The big word here is "identity".
We each have a sense of who we are and equally, of who we want to be. (These might not be the same thing, of course.) So we choose, from situation to situation, and even from second to second, how to express ourselves.
Usually this is unintentional, triggered by a place, or a subject of conversation, or the company we are in - or even maybe the changing look on someone's face.
Sense of belonging
If you are at all sensitive to language you have probably caught yourself doing this at times, like I do when on the streets of my native Birmingham - removed from my now-habitual West Yorkshire surroundings.
I'd typically say "aah" for "yes" in Birmingham, but have caught myself quite automatically saying "aye" in Yorkshire!
But we might make the switch fairly deliberately too.
Geordies who do not usually preserve the historical "oo" sound in a word like "house" might well refer to Newcastle United as "The Toon", or their favourite drink as "broon ale". Doing so can assert their right to local status, make them part of the club.
Social dialect, what we might loosely call slang, frequently operates at this more conscious level of speech. To fit in or to join the tribe, the speaker has to master the language - usually words, sometimes grammar, pronunciation, rhythms - of the in-group.
Here playfulness really has free rein, and any group that wants to mark itself out as distinct, invents its signals. There is no point, as an outsider, in trying to break in or keep up, because that defeats the object and the in-group will create something else to defeat you.
The ephemeral nature of much of this is obvious - a group's speakers moving on in time and taking their slang with them, usually into oblivion, sometimes into the historical record. Just a few big slang-types persist across generations - their practical use (often trading-related) declining, but their social use remaining to some degree.
The most famous of these must be the slang once found in many urban centres but so popularly associated with London that it is frequently called "cockney rhyming slang".
Far less well-known, but equally inventive and originally purposeful, is "back slang", once well-known to butchers and similar traders.
If a butcher asked: "What's the eecrip of the feeb?" he wanted to know the price of the beef. If he told a mate to 'vatch a cool at the elrig", he was advising him to have a look at the girl.
Not all slangs are short-lived, but might pass on across generations as marks of group identity, just as regional speech does.
The BBC's great Voices project of 2005, which saw the corporation engaged in unparalleled exploration of everyday speech across the UK, loudly proclaims the cause of language variation. There is a wealth of information to gladden the heart of anyone who revels in speech differences.

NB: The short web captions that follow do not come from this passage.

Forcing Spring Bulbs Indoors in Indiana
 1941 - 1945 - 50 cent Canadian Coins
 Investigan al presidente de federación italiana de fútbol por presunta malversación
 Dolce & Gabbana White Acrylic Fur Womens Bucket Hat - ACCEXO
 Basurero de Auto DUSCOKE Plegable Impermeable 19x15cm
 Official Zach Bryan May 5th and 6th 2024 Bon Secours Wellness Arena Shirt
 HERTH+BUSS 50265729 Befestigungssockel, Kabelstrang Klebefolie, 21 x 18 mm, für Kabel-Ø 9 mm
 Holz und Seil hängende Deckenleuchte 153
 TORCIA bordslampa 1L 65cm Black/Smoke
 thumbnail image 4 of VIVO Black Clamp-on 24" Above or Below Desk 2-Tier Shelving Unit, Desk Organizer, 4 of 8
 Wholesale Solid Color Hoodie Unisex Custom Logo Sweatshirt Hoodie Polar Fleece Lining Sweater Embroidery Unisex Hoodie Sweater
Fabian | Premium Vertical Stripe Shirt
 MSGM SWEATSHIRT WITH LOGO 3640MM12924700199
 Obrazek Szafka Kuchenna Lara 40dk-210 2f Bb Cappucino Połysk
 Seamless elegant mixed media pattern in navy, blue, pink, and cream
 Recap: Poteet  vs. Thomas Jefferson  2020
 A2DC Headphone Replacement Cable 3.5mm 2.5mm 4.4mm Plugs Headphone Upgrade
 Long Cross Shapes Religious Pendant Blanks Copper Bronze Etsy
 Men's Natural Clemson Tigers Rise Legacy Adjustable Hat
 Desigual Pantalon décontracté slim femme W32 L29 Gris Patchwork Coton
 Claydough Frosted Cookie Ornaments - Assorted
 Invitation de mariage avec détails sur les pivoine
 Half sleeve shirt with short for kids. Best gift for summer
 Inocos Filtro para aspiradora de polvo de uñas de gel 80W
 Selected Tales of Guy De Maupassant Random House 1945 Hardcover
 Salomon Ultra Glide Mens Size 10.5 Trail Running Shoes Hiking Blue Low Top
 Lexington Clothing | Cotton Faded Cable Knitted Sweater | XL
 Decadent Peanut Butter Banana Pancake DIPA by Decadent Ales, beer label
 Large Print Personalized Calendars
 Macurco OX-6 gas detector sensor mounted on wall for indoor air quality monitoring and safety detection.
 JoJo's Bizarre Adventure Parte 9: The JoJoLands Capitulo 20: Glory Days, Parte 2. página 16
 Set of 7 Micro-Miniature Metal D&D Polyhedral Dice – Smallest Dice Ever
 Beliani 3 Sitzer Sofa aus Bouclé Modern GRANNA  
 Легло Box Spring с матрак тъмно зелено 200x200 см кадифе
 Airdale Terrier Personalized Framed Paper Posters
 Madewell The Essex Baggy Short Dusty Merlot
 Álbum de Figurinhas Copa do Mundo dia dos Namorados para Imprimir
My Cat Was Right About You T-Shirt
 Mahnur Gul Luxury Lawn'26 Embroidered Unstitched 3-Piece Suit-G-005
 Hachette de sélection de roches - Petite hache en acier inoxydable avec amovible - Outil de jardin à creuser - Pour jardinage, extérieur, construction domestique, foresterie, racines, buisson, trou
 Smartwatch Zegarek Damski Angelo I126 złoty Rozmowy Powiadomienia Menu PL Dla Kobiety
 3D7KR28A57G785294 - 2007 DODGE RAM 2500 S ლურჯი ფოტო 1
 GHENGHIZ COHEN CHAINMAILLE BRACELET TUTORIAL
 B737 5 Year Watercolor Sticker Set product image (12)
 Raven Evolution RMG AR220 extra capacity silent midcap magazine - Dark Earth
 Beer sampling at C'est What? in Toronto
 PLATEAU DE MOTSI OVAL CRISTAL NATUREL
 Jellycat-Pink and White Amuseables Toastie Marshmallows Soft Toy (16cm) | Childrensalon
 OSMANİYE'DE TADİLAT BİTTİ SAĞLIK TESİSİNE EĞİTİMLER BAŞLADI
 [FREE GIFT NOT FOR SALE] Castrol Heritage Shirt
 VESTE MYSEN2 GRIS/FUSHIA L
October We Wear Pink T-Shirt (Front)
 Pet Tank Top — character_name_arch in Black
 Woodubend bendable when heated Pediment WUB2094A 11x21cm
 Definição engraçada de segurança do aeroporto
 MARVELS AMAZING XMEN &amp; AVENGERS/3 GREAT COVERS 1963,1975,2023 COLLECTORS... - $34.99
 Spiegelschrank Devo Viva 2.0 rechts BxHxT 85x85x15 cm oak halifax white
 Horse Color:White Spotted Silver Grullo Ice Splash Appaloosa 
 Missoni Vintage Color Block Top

The best place to start is with the "word map" section of the site, which features words contributed to the project on a series of themes. To take just one set of maps, for "narrow walkway", you will find "close" and "lane" with special concentrations in Scotland, "ginnel" and "snicket" in Lancashire/Yorkshire, "jitty" in the north Midlands, "pavement" in London... and "twitten" on the south coast.
Agree or disagree. Find gaps in the picture. Be surprised. Above all, be prompted to listen to yourself and to those around you, and revel in the wonderful medley of 21st Century English speech.